In a letter addressed to caretaker Prime Minister Stefan Yanev, the Association of the Organizations of Bulgarian Employers (AOBR) asks the Government to take urgent action to contain increasing electricity prices on the day-ahead market. The organization says that the excessive electricity prices are forcing businesses to resort to stoppages and threatens national protests to protect the interests of the hundreds of thousands working in the industrial sector in Bulgaria.

The average price on the day-ahead market on the Independent Bulgarian Energy Exchange (IBEX) on 4 August was 132.07 euros/MWh. On the intraday segment, the average price was 205.05 euros/MWh.

The price levels in the past three days were more than 50 % higher than in Germany, Italy, France and Austria, and on 4 August alone it was 70 % higher.

The letters to the Prime Ministewr reads that ss responsible, nationally represented employers’ organizations, AOBR has repeatedly warned of the potential risks to the electricity market in Bulgaria.
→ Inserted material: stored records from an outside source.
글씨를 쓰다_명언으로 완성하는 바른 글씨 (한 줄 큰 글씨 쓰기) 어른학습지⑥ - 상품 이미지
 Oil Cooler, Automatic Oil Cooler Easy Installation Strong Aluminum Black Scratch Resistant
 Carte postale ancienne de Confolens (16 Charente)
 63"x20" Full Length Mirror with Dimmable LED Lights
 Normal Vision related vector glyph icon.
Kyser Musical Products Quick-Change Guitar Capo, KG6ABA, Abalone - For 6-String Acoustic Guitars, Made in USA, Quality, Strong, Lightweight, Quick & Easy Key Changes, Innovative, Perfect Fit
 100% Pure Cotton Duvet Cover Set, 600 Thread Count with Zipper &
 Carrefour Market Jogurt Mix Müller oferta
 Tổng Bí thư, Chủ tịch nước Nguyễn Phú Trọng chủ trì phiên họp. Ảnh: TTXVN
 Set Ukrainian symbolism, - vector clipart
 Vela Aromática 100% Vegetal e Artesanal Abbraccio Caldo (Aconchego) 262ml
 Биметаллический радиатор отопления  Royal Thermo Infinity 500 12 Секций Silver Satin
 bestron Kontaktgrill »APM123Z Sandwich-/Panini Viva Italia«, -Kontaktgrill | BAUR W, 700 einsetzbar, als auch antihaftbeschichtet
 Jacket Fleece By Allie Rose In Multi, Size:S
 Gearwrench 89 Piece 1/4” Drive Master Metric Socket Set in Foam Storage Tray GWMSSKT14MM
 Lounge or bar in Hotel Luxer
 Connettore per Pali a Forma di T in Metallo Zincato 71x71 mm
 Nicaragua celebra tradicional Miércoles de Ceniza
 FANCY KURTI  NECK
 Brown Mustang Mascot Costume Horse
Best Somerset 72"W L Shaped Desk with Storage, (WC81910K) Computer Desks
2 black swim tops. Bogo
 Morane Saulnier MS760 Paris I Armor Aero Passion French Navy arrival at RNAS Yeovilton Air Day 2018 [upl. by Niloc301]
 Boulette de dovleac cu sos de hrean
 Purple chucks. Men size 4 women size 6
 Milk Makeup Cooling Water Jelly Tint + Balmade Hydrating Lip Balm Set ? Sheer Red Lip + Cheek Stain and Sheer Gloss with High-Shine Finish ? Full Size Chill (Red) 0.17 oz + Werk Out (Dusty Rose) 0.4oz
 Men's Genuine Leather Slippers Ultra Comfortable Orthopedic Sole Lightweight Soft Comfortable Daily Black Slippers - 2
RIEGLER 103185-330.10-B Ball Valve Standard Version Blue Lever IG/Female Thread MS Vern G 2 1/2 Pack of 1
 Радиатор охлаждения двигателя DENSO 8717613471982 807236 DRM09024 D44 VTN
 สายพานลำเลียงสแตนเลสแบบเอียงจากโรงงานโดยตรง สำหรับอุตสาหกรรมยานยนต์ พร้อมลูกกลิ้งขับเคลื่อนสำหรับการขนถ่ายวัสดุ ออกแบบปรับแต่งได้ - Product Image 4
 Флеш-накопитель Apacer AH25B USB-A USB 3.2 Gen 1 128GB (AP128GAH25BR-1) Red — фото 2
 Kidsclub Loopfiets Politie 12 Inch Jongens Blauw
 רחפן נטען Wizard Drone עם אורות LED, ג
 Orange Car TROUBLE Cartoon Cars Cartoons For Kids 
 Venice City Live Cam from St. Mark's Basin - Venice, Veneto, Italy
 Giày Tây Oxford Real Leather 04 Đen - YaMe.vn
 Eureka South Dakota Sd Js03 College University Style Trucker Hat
But the limit of tolerance has already been passed and after discussions with the managements of major energy-intensive companies, it was decided to start a phased shutdown of production facilities, starting at 12:00 AM on 4 August.

The Association calls for urgent action by the Energy Ministry, the Bulgarian Energy Holding (BEH), the electricity transmission system operator ESO and the regulators to make sure the state-owned TPP Maritsa East 2, which produces cheap electricity, starts operating at full capacity, that temporary restrictions are set in place for electricity export and that support is provided for the worst-hit energy-intensive industrial

According to BEH, three of the eight units at TPP Maritsa East 2 are currently in operation and a fourth one is ready to be switched on.

The Association further says that the leaders of the competent state institutions have proven unable to cope with the crisis which is why the Prime Minister should ask them to resign and ensure resources to address the problems that
prevent the normal functioning of the Bulgarian economy.